I have a 15 gallon Viv. I spray (mist) once a day and I think my air plants may be having trouble. I have noticed moldy looking stuff around the blossoms. Any ideas or thoughts? Maybe to much water, or to hot?
Thanks!!


----------



## topherlove (Jul 14, 2006)

to much water, they need time to dry out in between waterings. They never did well for me unless there were up real high in the viv and didn't get any real direct misting.


----------



## lacerta (Aug 27, 2004)

The term "air plant" I assume you are referring to the group of bromiliads of the genus Tillandsia. They like it high and dry as a general rule. Mounted on the back wall up high and closer to the lights. Constant soakings are not good as most are adapted to dryer conditions.
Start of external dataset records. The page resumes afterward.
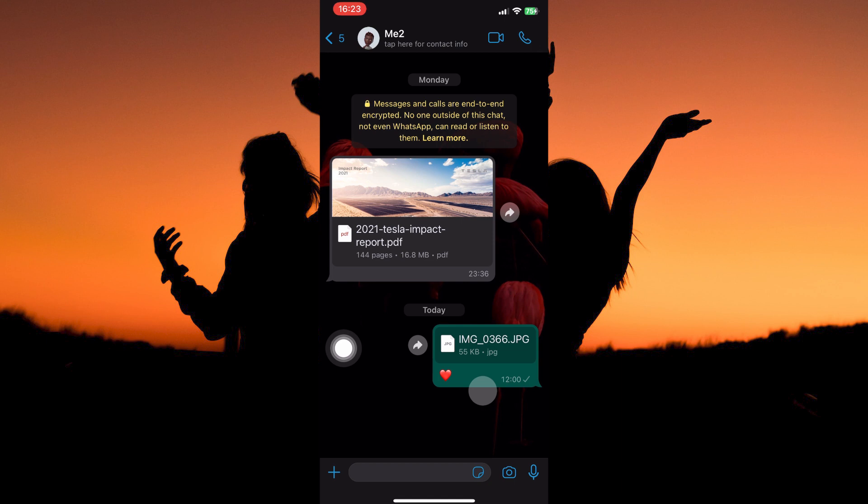And that is how to change background in WhatsApp on iPhone. Thank you for watching. If this video was helpful, please leave a like and subscribe to my channel for more videos like this and click on that notification bell to never miss an update.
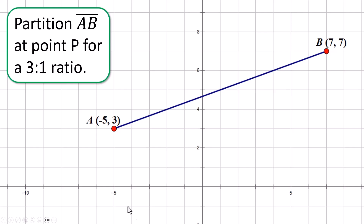Hey, welcome to your next geometry lesson. Today we're going to do partitioning. Not every geometry teacher does this, so you need to check with yours. In my district, the honors level geometry does partitioning and the regular one doesn't. Let's jump into it.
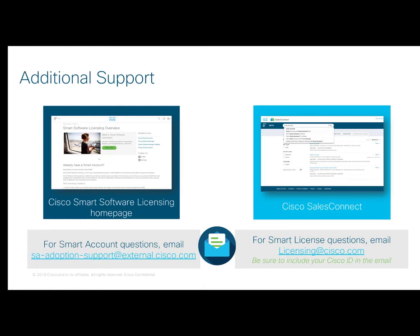Thank you for watching our video to learn more about how you can manage your Smart Licenses and Cisco Software Central. If you are looking for additional resources, check out the Cisco Smart Software Licensing page and Sales Connect for more information.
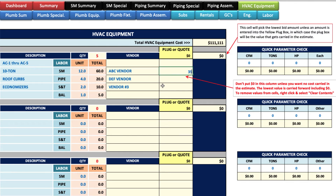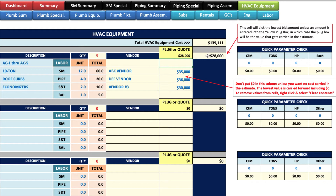Let's say this vendor bid $35,000. You see right away it carries $35,000 because it's the only bid. If you put $36,000 it still carries $35,000 because it picks the lowest. If this vendor bid $30,000 it'll pick that lowest one, unless you put a number in the override field. If you put $28,000 in there it'll carry that $28,000. So if that override field has a zero in it, it's going to carry the low bid.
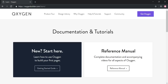Hey everyone, it's Tom from WPWithTom.com, and in this video I'm going to be doing a sponsored review of the Oxygen 2.1 release. In this release we're going to be going over some of the many different updates that they've done. They've done quite a few big updates to their builder, and I'm just going to cover a few of them in this video.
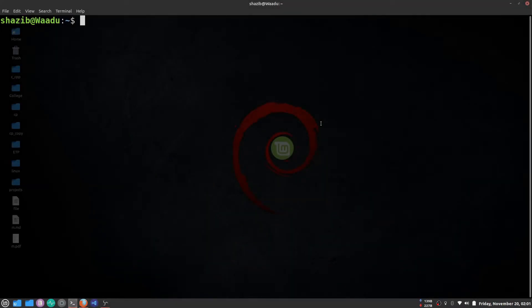Hello guys, welcome back. My name is Shahzik and in this video I'm going to talk about two packaging formats in Linux: the first one is Flatpak and the second one is AppImage.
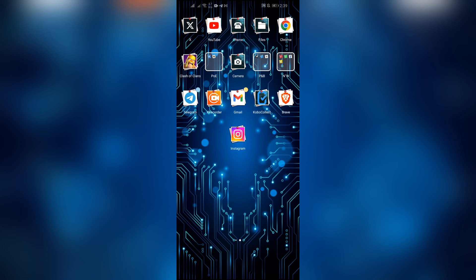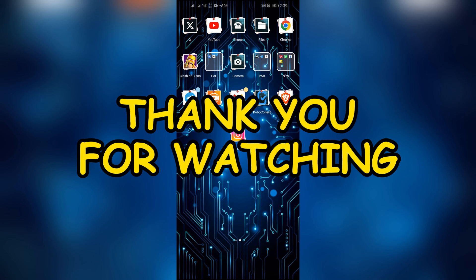I hope this video was helpful for you. If yes, don't forget to like, share, and subscribe to the channel to never miss another update. Thank you for watching the video.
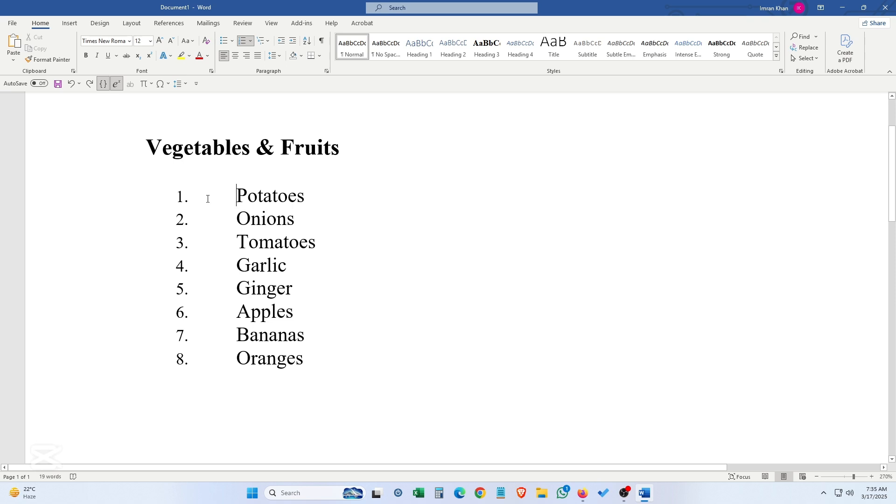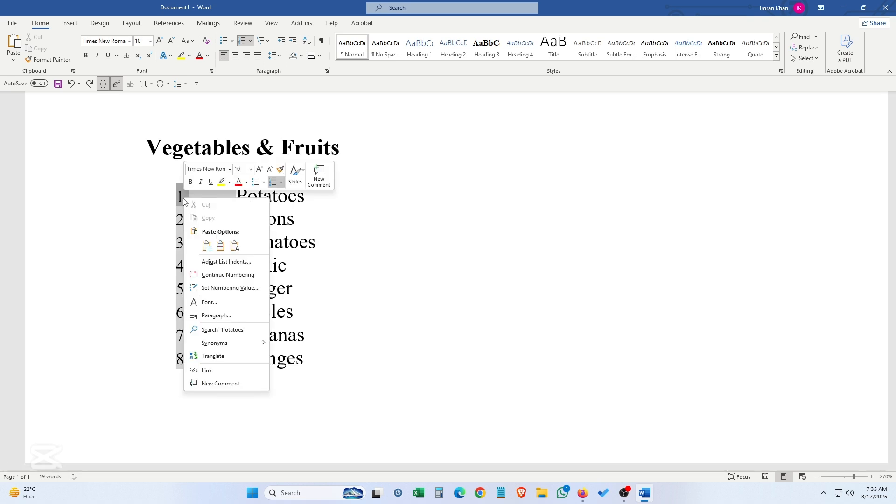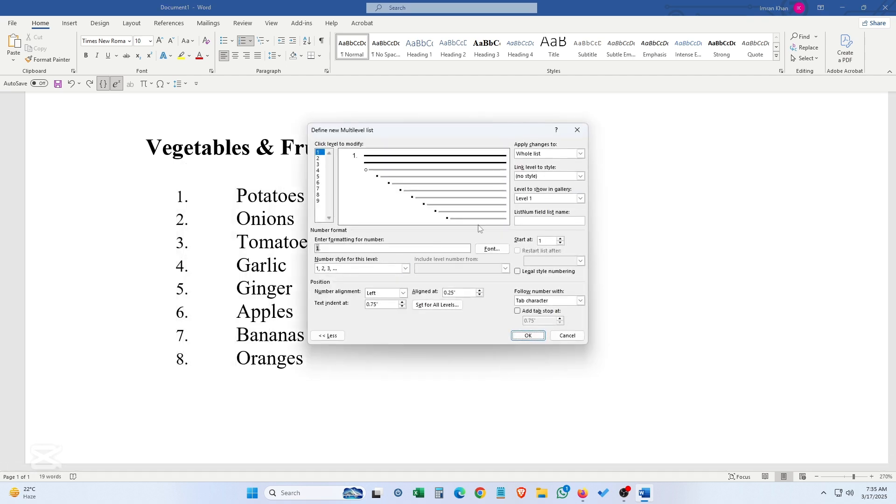What I'm going to show you: directly, you just have to click on the numbering once, then right click. Here you will find 'Adjust list indents' - click on it. Then here you will find 'Follow number with' in the dialog box. Here's the option 'Tab character' - click on it.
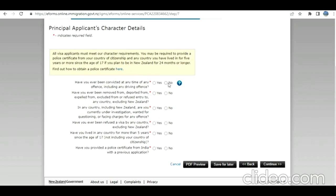Now character requirements. I am going to select no for all because this is a sample video. But you need to read, understand, read this portion, and then you need to answer. I'm going to click on continue.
Periodic soakings are okay maybe once every 2 weeks, but they should be able to derive most of thier water needs from the humidity. If you aren't sure of the type of air plant you have, you can make a pretty good guess on its water needs by noting the presence or absence of fine hairs (tricomes) that cover the leaves like velvet. A thick silvery/grayish layer of these tricomes help the plant retain moisture and are an indicator of a plant that likes it dry and bright. Smooth green (naked) leaves indicate a brom that can tolerate wetter and shady conditions. 

George


----------